## Exercise
Repeat the listing word for word, but skip any pictures.
(Exercise input begins)
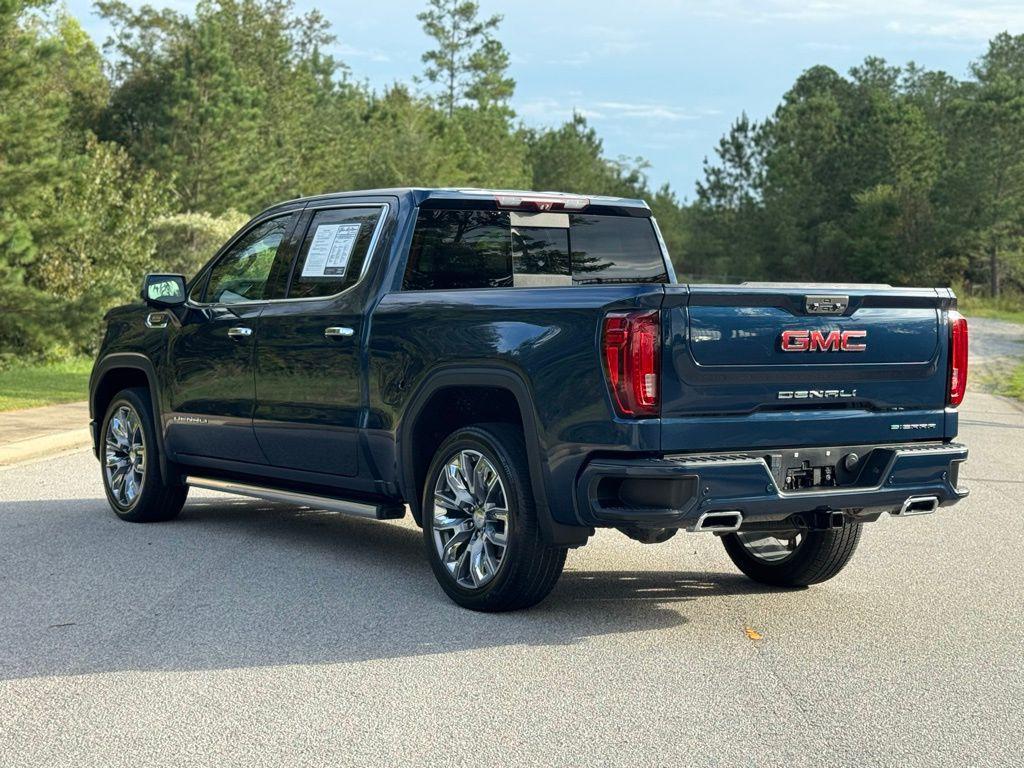 used 2023 GMC Sierra 1500 car, priced at $57,662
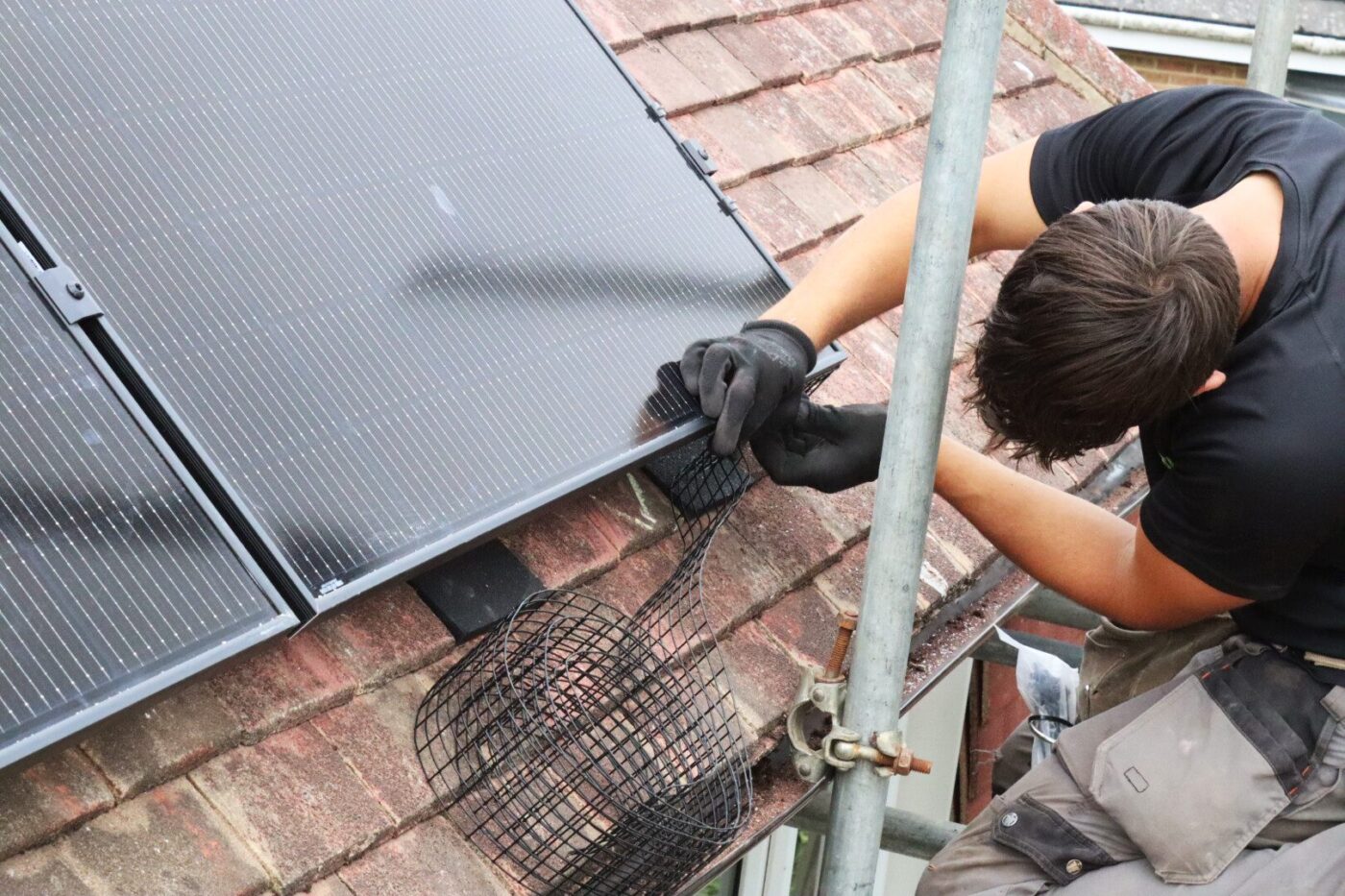 solar maintenance services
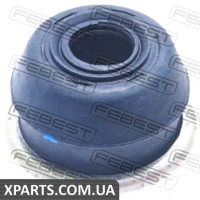Пильовик рульового накінечника MITSUBISHI PAJERO II V14W-V55W 1991-2004 FEBEST MTRB502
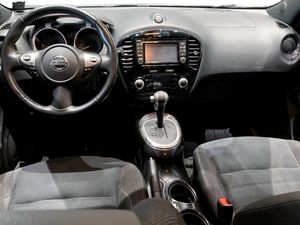 Nissan Juke bild 6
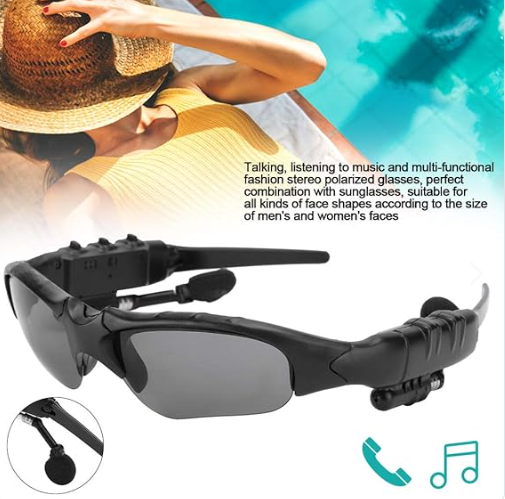 Gafas - Audífonos Inalámbricas Bluetooth
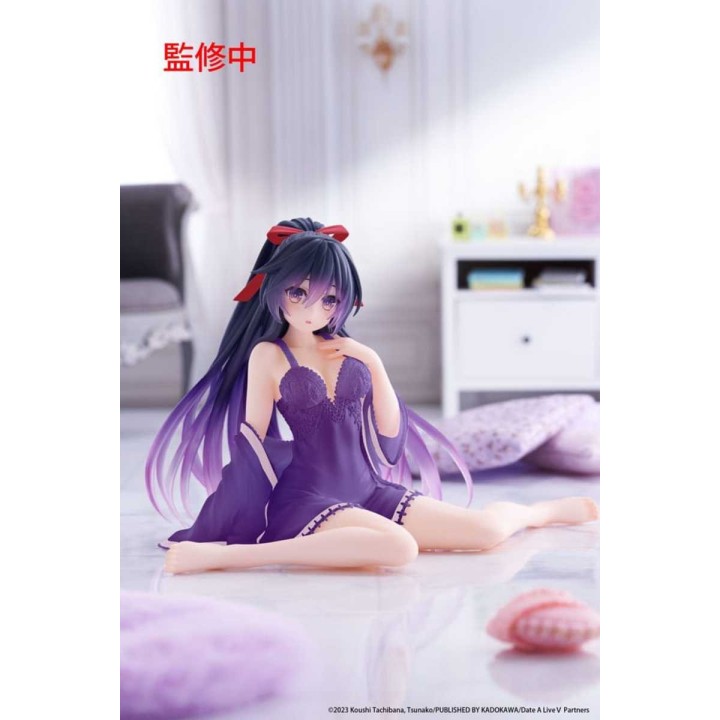 Tohka Yatogami Nightwear Date A Live V Desktop Cute Figure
(Exercise input ends)
## Written response
 used 2023 GMC Sierra 1500 car, priced at $57,662
 solar maintenance services
Пильовик рульового накінечника MITSUBISHI PAJERO II V14W-V55W 1991-2004 FEBEST MTRB502
 Nissan Juke bild 6
 Gafas - Audífonos Inalámbricas Bluetooth
 Tohka Yatogami Nightwear Date A Live V Desktop Cute Figure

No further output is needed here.